COLLECTED DATA

== Segment start ==

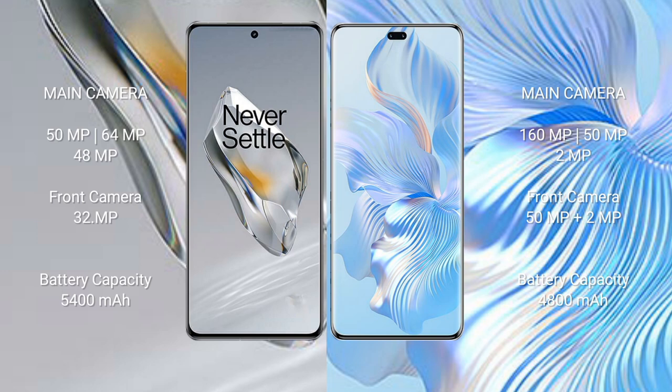Honor 80 Pro also has a dual front camera of 50MP plus 2MP. OnePlus 12 has a 5400mAh battery with 100W fast charging support. Honor 80 Pro has a 4800mAh battery with 66W fast charging support.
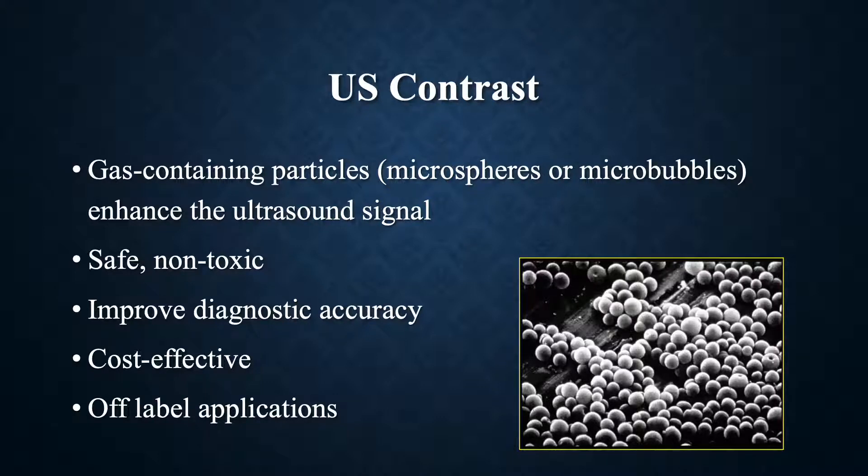These agents are safe, non-toxic, and have been shown to improve diagnostic accuracy for a number of different types of studies. They can be very cost-effective compared to other types of studies such as contrast-enhanced CT, MR, or arteriography. And as I mentioned, many of these applications I'm going to present this morning are off-label.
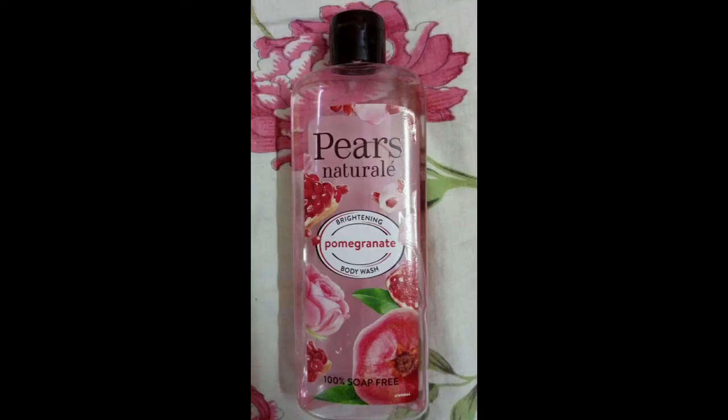Hi Friends! Today we are going to talk about Piers Natural body wash. This is a pomegranate flavor of body wash. This is how you brighten your skin. This is a body wash.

== Segment end ==

EXERCISE GOAL
Beginning with the line that contains "These agents are", output each line of the material above through the last one exactly as it stands. Do not include the pictures.

YOUR RESPONSE
These agents are safe, non-toxic, and have been shown to improve diagnostic accuracy for a number of different types of studies. They can be very cost-effective compared to other types of studies such as contrast-enhanced CT, MR, or arteriography. And as I mentioned, many of these applications I'm going to present this morning are off-label.
Hi Friends! Today we are going to talk about Piers Natural body wash. This is a pomegranate flavor of body wash. This is how you brighten your skin. This is a body wash.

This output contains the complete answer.